One of the most difficult characters to animate was the Magic Carpet, for a twofold reason: “… the Carpet has no face, no voice, he has no body. It’s sort of acting by origami,” animator Randy Cartwright explained. The second problem was the intricate Persian pattern on the carpet, which was finally “wallpapered” onto the finished hand-drawn animation by means of a computer program.
But the production really hit its stride when Robin Williams came on board as the Genie. In an unusual move for an animated film, the directors had Williams’ ad-lib all his dialogue. Musker and Clements would give Williams topics and direction for the dialogue, but allow him to just go crazy with his lines. Eric Goldberg, supervising animator for the Genie, then reviewed Williams’ recorded dialogue and selected the best gags and lines to fit into each scene. Typically, animators work from established dialogue. But in the case of using a someone so known for on the spot improvisation as Williams, letting him go wild was probably the best way to create more energy ion the film.
Williams did the film for scale- $75,000- but demanded that neither his name or image could be used to promote the film. Disney reneged on the deal, and this caused a rift between the two that lasted years. The first two direct to video Aladdin sequels featured Dan Castellaneta voicing the Genie because of this. Williams remained miffed at the studio until Katzenberg left, and his replacement Joe Roth apologies for the studio.
Further controversies continued to follow the film; one was incited by the American-Arab Anti-Discrimination Committee (ADC) who felt the lyrics to the opening song “Arabian Nights” were offensive to their sensibilities. Specifically, they felt the line “Where they cut off your ear if they don’t like your face” portrayed Arabs in a demeaning light. In July 1993 the line was changed to “Where it’s flat and immense and the heat is intense.”
Later, Anna Runge and the American Life League suggested (among other allegations) that Aladdin says “Good teenagers, take off your clothes,” to Rajah the Tiger during the balcony scene. The groups considered this a subliminal reference to promiscuity, and totally inappropriate for inclusion in a film their kids watched endlessly. Disney’s official statement was the line reads “Good kitty, take off and go…” and the word “kitty” is overlapped by Rajah’s snarl. After the word kitty, a second voice can be heard which has been suggested was accidentally grafted onto the soundtrack. Because of the controversy, Disney replaced the phrase with “Down, kitty” on the DVD release.
The film was made for about 28 million dollars. It ended up making back 20 million its first weekend, and 207 million US /504 million worldwide in its initial release. A slow climber, it opened as the number two film in the US, but by its fifth week had risen to number one, a rank it held 5 times during its 22 week run. Aladdin is the twenty-sixth highest grossing animated film and the third highest grossing traditionally animated feature worldwide, behind The Lion King and The Simpsons Movie.

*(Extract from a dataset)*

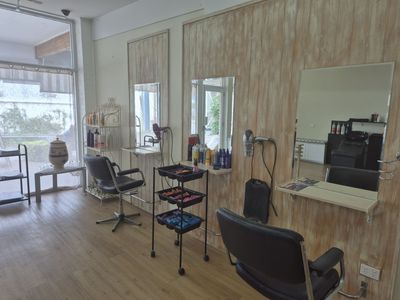 established-hair-salon-walk-in-walk-out-owner-operated-5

Aladdin set a new record for video sales, according to The Guinness Book of Records. The video was released in North America in October 1993, and had sold over 24 million units in the United States and Canada by April 1994.
The film achieved record admissions in Brazil, where the video sold 280,000 units, also setting a new record for video sales in that country. The video also set a sales record in Japan (2.2 million copies by 1997).
Although the sultan allows Aladdin and Jasmine to wed, they don’t actually manage this until the end of the second sequel.